Finally, 2000 and 2017 tracts are bound together as allTracts.

allTracts <- 
  rbind(dplyr::select(tracts00, distToParks, halfMile, MedRent, TotalPop, 
                      pctWhite, pctBachelors, pctPoverty, year), 
        dplyr::select(tracts17,distToParks, halfMile, MedRent, TotalPop, 
                      pctWhite, pctBachelors, pctPoverty, year))

5. Are 10 minute walk times equally distributed throughout City?

Figure 4 maps the halfMile indicator to illustrate for 2000 and 2017, where the shorter walks are throughout Philadelphia. Interestingly, these patterns seems to be systematic.

ggplot() + 
  geom_sf(data=allTracts, aes(fill = halfMile)) +
  geom_sf(data=parks2, colour=NA, fill="black") +
  facet_wrap(~year) +
  scale_fill_manual(values = palette5[c(1,5)],
                    name="Walk Distance") +
  labs(title = "Census tracts within 10 minute walk (half mile) to nearest park,
       \nPhiladelphia",
       subtitle = "Parks overlayed; Distance measured from tract centroid to nearest park 
       boundary",
       caption = "Figure 4") +
  mapTheme()

Are shorter walks clustered near shorter walks in 2017? Are farther walks clustered near farther walks? In other words, is park access clustered? Below we test the spatial autocorrelation (clustering) of these outcomes using a Join Count test. This is a null hypothesis test that asks whether the halfMile labels are more clustered than we might expect due to random chance alone.

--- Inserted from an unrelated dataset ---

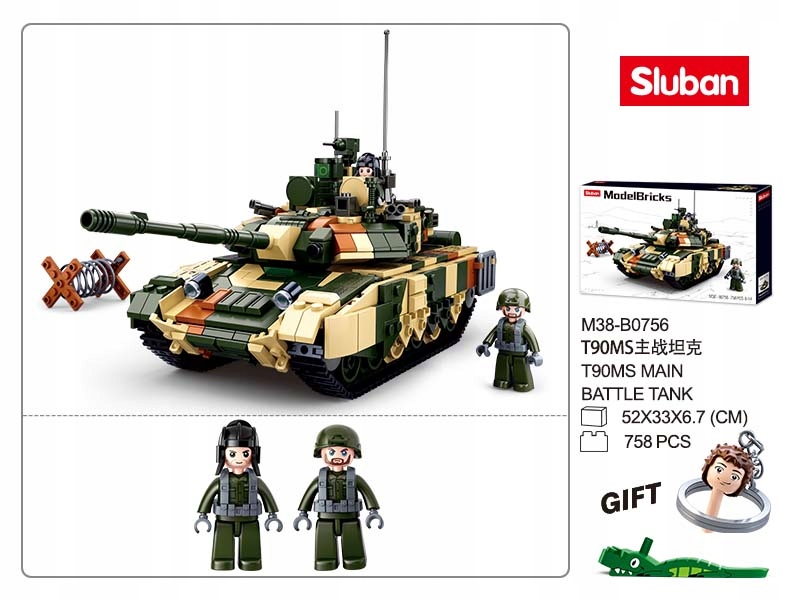 KLOCKI SLUBAN CZOŁG ROSYJSKI T-90 MS WOJSKO Wiek dziecka 8 lat +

To do so, tracts17 is converted to centroids and xy coordinates. A nearest neighbor spatial weights matrix is created and the Join Count test is run.

Given the p-values, there is evidence, at least in 2017, to suggest that both low and high access seem to cluster near each other. This however, still doesn't tell us whether this systematic clustering falls along demographic differences. Let's explore that next.

coords17 <-  
  tracts17 %>%
  st_centroid() %>% 
  st_coordinates() 

neighborList17 <- knn2nb(knearneigh(coords17, 5))
spatialWeights17 <- nb2listw(neighborList17, style="B")
joincount.test(filter(
  allTracts, year == 2017)$halfMile, 
  spatialWeights17)

## 
## 	Join count test under nonfree sampling
## 
## data:  filter(allTracts, year == 2017)$halfMile 
## weights: spatialWeights17 
## 
## Std. deviate for < 0.5 mile walk = 2.2444, p-value = 0.0124
## alternative hypothesis: greater
## sample estimates:
## Same colour statistic           Expectation              Variance 
##             192.00000             174.49086              60.86204 
## 
## 
## 	Join count test under nonfree sampling
## 
## data:  filter(allTracts, year == 2017)$halfMile 
## weights: spatialWeights17 
## 
## Std. deviate for > 0.5 mile walk = 1.5755, p-value = 0.05757
## alternative hypothesis: greater
## sample estimates:
## Same colour statistic           Expectation              Variance 
##              327.5000              314.4909               68.1806

6. Do measures of race and income vary by 10 minute walk status?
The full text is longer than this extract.